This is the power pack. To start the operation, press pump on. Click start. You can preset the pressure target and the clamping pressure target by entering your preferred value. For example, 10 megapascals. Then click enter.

...

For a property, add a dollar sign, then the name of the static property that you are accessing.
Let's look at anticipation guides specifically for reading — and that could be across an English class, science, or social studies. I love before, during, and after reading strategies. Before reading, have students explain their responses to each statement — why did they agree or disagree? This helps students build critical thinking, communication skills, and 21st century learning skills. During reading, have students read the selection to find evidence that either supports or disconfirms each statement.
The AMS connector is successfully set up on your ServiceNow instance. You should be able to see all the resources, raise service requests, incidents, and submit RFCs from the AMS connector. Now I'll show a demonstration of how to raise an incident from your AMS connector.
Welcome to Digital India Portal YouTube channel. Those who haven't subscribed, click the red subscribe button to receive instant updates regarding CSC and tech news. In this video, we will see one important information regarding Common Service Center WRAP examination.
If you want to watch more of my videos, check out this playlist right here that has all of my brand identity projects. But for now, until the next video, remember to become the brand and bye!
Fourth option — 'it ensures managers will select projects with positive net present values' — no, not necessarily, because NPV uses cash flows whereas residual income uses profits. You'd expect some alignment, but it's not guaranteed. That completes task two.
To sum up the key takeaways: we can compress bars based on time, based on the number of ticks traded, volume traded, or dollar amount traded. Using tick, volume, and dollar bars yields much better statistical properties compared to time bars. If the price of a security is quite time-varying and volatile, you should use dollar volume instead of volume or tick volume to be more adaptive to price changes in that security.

--

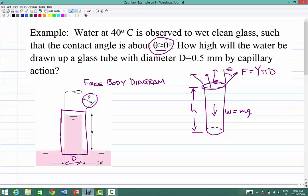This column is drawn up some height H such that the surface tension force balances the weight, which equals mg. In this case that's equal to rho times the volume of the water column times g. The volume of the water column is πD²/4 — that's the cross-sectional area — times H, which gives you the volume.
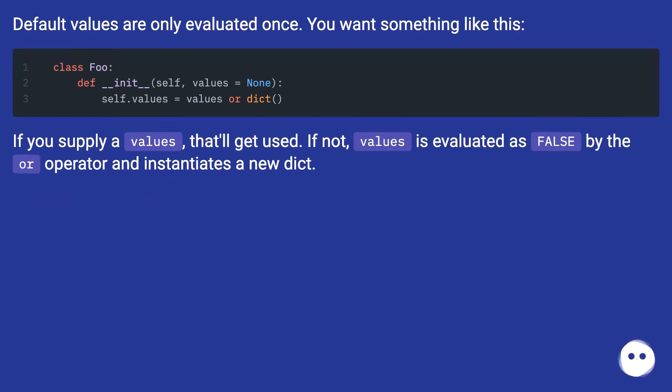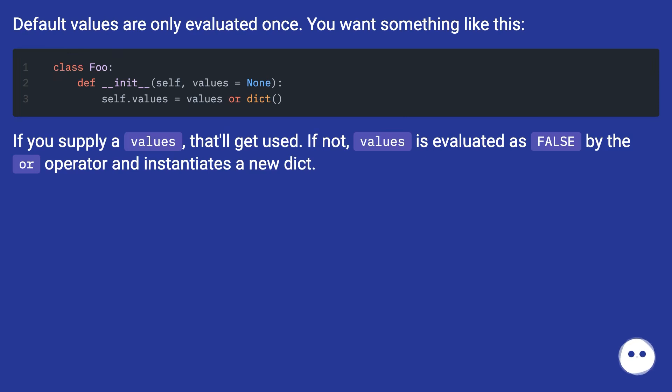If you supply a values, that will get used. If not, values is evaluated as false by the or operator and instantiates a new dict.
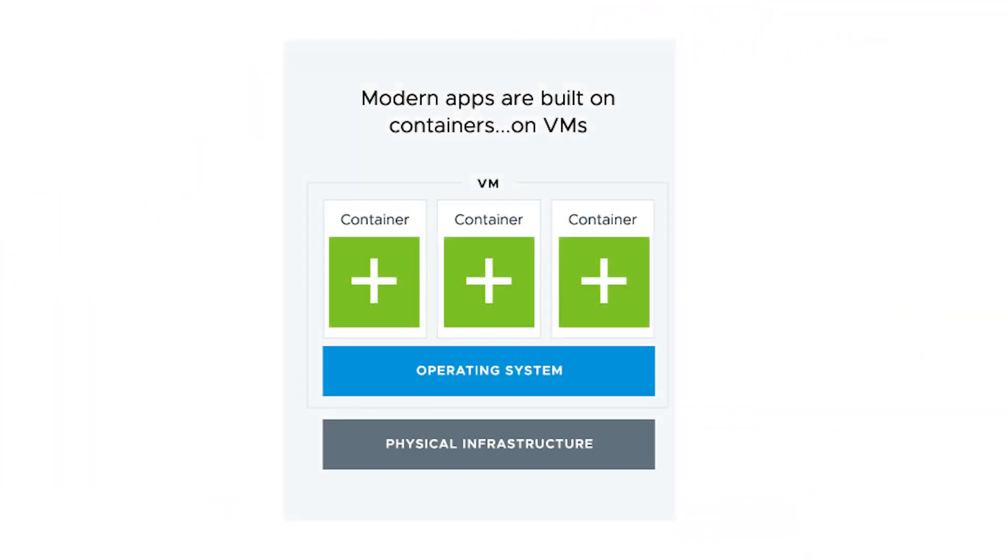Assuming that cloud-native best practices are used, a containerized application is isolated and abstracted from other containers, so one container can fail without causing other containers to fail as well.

■ Prompt: Give back exactly the lines of the listing above that run from the line with "If you want" to the line with "Fourth option —", inclusive.

■ Exercise answer:
If you want to watch more of my videos, check out this playlist right here that has all of my brand identity projects. But for now, until the next video, remember to become the brand and bye!
Fourth option — 'it ensures managers will select projects with positive net present values' — no, not necessarily, because NPV uses cash flows whereas residual income uses profits. You'd expect some alignment, but it's not guaranteed. That completes task two.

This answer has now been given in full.